In the complex world of municipal bonds, there exists a niche market that is gaining traction among investors – charter school municipal bonds. According to Dan Close, the head of municipals at Nuveen, charter schools represent a small but promising sector within the education muni bond landscape. With increasing demand for these schools, there is a projected strong supply of charter school municipal bonds in the market. Close points out that investors in the highest tax bracket can benefit from a tax-equivalent yield of nearly 8% from these bonds, making them an attractive investment option.
Charter school bonds are typically used to fund construction, renovation, or the purchase of school facilities. One key advantage of these bonds is that the interest is exempt from federal tax, and in some cases, they are also free from state taxes. Despite charter schools not being a new concept, there has been a noticeable uptick in demand due to the COVID-19 pandemic and favorable legislation in support of school choice in various states. As of now, there are approximately 8,000 charter schools in the United States serving 3.7 million students, with an increasing number of students opting for charter schools over traditional K-12 public schools.
Within the broader $580 billion K-12 education muni bond sector, charter schools make up a substantial portion, amounting to about $33 billion. While issuance faced a decline in recent years due to rising interest rates, there is a positive outlook for 2025, with an anticipated $4 billion to $5 billion in new issuance. Close highlights the unique risk-reward profile of charter school bonds, noting that while they carry a higher risk due to the inability to levy dedicated taxes, they offer a significantly higher yield compared to traditional K-12 education munis.
Unlike traditional K-12 education munis that are typically investment grade with ratings of AAA and AA, most charter school municipal bonds are not rated. This is primarily because many charter schools are still in their early operating stages, making it unlikely for them to receive favorable ratings from agencies. As a result, a significant portion of charter school bonds fall below investment grade, with some considered high yield. However, investors are drawn to these bonds due to the potential for credit improvement as the schools expand and enhance their facilities.
While the allure of higher yields may be tempting, investors are advised to conduct thorough research before diving into charter school municipal bonds. Nuveen employs four charter school analysts to assess the viability of schools for long-term success. Factors such as the school’s location, academic performance, unique curriculum, financial management, and legal provisions are crucial in determining the potential success of a charter school. Some of the names held in Nuveen’s High Yield Municipal Bond Fund include The Academy Charter School in Hempstead, New York; Norton Science and Language Academy in San Bernardino, California; and Community of Peace Academy in St. Paul, Minnesota.

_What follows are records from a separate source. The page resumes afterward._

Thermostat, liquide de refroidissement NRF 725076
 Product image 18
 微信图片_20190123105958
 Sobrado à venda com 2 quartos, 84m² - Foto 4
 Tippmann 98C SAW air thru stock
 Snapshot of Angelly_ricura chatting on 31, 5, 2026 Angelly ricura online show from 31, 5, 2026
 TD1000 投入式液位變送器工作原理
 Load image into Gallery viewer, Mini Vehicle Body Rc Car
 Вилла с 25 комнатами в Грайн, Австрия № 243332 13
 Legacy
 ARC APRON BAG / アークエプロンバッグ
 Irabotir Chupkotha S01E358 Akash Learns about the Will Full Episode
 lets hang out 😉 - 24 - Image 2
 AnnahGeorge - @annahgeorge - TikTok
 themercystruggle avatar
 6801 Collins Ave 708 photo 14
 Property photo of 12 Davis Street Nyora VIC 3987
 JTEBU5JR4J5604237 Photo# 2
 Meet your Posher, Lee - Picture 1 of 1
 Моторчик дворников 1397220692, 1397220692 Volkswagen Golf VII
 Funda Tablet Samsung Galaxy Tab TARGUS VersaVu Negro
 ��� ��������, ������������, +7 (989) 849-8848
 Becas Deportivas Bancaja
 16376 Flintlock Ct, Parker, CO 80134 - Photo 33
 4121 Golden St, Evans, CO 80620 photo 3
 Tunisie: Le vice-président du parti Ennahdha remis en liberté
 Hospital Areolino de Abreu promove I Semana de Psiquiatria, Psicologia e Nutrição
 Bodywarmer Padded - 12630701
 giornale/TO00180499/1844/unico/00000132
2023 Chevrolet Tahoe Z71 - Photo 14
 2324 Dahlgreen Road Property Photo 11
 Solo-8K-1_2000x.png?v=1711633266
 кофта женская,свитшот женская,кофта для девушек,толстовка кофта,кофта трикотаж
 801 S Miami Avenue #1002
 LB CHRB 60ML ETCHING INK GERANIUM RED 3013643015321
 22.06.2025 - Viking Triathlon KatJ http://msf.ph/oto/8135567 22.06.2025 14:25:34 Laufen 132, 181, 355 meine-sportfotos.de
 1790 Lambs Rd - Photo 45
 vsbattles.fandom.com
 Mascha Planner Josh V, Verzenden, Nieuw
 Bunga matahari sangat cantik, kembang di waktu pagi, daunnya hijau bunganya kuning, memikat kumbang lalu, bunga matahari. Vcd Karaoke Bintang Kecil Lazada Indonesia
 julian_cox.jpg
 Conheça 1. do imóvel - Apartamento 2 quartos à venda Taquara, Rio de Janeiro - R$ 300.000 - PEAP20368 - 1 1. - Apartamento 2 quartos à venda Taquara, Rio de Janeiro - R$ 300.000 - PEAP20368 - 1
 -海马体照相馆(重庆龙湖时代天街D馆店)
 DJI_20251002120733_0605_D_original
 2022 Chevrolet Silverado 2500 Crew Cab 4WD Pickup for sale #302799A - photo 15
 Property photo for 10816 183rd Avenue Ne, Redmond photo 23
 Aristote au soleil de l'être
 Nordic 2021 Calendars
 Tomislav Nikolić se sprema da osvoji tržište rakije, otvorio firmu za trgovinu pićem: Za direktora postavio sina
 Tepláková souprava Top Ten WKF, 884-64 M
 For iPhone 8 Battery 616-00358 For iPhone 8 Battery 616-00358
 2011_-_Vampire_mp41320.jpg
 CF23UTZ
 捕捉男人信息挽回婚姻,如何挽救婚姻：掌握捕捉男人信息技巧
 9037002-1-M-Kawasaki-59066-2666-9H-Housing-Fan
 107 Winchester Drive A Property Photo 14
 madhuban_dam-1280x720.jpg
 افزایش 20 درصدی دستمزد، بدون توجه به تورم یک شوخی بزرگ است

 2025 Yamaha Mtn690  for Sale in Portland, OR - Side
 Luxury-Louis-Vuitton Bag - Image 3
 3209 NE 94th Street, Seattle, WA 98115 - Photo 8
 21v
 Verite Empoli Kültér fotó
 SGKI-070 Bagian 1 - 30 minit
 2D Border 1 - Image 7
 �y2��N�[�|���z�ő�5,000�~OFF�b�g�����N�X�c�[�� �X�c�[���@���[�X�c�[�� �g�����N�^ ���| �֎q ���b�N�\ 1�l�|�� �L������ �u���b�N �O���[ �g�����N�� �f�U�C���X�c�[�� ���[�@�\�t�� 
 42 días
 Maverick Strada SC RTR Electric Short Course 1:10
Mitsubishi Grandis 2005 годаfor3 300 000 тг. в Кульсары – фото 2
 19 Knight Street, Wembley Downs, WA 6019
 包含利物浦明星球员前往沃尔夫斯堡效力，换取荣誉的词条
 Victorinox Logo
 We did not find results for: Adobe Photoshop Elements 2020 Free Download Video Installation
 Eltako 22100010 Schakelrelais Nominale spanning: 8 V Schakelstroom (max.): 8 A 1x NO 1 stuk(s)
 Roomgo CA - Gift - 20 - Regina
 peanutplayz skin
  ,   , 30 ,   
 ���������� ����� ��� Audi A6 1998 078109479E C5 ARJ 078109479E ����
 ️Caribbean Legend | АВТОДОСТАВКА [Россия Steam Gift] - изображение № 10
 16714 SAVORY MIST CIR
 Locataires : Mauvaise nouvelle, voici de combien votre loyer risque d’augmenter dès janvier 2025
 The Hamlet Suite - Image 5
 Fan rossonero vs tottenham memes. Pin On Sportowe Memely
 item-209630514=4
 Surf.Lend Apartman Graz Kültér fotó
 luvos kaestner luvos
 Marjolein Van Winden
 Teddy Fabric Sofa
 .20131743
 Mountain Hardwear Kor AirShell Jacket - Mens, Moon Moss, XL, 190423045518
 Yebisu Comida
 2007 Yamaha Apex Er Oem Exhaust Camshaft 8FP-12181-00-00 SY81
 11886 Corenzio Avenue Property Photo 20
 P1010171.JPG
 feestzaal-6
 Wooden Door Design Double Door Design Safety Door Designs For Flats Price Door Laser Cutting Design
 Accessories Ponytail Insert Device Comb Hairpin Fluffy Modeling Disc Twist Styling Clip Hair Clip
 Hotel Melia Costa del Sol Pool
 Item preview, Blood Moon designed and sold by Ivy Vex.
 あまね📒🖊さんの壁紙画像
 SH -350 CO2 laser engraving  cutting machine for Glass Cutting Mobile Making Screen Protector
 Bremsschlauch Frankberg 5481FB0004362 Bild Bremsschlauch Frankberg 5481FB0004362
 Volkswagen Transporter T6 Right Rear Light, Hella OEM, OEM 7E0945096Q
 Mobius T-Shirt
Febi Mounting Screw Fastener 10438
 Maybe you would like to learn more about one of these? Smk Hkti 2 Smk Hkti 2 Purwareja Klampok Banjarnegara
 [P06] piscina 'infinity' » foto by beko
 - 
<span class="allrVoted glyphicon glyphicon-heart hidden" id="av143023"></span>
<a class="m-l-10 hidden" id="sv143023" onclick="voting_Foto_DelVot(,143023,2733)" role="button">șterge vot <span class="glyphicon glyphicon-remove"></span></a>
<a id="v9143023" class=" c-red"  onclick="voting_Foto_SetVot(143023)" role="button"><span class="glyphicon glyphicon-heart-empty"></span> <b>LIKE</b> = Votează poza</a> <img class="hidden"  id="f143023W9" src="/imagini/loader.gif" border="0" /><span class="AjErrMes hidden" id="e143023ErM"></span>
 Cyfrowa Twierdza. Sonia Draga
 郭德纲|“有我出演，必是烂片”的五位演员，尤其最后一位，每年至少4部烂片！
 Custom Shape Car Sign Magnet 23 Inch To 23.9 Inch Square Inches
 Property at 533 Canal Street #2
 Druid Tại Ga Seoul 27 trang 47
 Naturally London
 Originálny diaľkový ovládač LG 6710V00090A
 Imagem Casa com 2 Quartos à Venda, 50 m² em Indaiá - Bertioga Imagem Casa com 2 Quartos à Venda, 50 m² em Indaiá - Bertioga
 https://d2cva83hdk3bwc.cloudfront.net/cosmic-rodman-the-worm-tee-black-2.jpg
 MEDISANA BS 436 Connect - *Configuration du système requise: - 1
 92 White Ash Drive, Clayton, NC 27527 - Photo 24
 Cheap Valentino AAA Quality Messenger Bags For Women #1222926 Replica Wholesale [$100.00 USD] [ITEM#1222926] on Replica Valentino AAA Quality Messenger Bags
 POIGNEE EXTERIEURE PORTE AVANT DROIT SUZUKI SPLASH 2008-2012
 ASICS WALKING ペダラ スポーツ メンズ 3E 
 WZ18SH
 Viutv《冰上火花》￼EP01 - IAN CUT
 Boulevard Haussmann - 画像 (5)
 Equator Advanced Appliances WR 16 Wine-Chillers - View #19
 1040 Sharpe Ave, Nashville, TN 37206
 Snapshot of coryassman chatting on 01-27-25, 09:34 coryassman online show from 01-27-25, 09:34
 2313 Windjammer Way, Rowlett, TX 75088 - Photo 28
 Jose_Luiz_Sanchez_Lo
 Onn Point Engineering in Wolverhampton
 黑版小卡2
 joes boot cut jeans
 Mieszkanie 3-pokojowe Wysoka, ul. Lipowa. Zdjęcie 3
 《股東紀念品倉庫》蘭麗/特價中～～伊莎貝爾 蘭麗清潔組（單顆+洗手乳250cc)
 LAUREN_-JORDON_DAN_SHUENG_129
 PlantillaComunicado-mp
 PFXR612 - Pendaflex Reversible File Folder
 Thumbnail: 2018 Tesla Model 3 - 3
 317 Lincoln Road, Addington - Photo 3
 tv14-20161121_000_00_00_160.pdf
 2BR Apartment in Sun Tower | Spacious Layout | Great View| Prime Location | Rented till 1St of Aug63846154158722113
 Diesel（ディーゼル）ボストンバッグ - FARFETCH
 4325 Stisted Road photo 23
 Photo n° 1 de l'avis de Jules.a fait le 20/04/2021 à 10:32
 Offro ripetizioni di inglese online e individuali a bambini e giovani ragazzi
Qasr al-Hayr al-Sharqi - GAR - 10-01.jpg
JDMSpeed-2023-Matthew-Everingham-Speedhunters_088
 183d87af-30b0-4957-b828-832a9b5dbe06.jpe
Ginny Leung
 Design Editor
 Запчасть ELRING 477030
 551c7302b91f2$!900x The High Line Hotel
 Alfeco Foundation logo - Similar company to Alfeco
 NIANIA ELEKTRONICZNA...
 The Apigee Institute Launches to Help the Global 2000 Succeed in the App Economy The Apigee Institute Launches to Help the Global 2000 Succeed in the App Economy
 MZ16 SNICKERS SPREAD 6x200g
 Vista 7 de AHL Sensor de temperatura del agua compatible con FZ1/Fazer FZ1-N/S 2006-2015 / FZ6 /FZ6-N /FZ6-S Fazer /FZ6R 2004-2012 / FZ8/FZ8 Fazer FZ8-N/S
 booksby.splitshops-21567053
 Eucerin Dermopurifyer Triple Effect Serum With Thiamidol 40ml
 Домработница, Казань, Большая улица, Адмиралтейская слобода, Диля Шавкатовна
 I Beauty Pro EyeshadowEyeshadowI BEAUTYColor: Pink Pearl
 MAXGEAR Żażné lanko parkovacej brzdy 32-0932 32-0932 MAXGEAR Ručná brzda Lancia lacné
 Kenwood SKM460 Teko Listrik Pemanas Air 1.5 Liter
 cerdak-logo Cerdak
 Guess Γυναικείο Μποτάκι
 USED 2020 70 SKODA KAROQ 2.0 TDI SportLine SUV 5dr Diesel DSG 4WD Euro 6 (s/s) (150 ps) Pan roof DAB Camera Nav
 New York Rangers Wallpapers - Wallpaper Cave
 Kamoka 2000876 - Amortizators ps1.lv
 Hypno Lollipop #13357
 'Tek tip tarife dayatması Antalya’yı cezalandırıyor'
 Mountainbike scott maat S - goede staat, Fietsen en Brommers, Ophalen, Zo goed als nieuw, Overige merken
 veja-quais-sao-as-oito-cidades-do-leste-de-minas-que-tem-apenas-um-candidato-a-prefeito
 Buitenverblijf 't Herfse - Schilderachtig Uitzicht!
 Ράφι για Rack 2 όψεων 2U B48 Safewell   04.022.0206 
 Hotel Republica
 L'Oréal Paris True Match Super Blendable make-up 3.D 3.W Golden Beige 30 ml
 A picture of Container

As the landscape of education financing evolves, charter school municipal bonds present a compelling investment opportunity for discerning investors. With the potential for attractive yields, tax advantages, and the opportunity to support the growth and development of charter schools, these bonds offer a unique avenue for portfolio diversification. However, it is essential for investors to conduct thorough due diligence and engage with experienced analysts to navigate the complexities of this specialized sector. By carefully evaluating the risk-reward profile and identifying promising charter schools, investors can capitalize on the growing market for charter school municipal bonds.